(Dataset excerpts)

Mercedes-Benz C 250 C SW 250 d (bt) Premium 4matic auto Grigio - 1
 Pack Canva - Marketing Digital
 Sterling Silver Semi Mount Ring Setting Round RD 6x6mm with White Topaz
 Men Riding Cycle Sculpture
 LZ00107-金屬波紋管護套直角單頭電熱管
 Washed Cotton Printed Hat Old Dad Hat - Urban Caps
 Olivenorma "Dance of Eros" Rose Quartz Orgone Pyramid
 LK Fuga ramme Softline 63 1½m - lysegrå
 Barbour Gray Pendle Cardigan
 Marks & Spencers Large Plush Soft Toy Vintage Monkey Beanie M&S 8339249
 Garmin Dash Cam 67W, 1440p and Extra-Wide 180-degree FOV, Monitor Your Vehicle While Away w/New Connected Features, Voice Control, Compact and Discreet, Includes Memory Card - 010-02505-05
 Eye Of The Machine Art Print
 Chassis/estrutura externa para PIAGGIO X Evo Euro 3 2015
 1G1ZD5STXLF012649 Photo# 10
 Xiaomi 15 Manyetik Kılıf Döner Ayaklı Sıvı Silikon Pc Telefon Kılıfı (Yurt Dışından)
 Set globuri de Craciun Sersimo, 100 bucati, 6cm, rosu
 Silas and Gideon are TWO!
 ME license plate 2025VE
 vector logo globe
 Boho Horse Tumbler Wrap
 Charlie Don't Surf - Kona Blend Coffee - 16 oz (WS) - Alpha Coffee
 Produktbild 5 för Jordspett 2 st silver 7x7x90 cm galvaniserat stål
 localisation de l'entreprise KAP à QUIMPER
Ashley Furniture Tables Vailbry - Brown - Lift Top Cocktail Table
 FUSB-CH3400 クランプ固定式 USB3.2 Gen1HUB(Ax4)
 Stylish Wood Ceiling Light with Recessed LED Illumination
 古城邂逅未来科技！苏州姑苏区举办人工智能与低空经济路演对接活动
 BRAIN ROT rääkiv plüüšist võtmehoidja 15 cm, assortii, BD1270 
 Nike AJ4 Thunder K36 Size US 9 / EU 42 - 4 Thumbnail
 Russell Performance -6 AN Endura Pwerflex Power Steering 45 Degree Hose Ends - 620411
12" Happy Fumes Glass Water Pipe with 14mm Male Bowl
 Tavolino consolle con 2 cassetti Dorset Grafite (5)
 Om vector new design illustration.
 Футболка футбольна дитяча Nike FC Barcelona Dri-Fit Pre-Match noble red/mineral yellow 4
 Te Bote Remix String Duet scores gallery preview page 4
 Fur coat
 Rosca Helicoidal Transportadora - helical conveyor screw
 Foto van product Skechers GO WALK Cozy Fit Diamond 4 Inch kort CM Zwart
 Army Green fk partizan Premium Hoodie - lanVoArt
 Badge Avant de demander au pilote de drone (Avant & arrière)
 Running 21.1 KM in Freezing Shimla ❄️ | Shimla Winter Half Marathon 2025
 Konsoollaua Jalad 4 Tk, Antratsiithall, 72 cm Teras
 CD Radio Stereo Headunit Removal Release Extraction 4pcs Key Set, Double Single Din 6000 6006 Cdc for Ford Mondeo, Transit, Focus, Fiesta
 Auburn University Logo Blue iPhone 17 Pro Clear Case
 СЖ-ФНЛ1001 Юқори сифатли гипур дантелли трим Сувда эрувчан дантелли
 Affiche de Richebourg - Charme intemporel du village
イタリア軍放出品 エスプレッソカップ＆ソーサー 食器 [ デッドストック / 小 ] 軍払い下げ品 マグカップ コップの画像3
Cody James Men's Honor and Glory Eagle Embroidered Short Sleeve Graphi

#### Exercise requirements
A complete answer reproduces every line of the records in which the word "Nike" occurs.

#### Solution to this problem
 Nike AJ4 Thunder K36 Size US 9 / EU 42 - 4 Thumbnail
 Футболка футбольна дитяча Nike FC Barcelona Dri-Fit Pre-Match noble red/mineral yellow 4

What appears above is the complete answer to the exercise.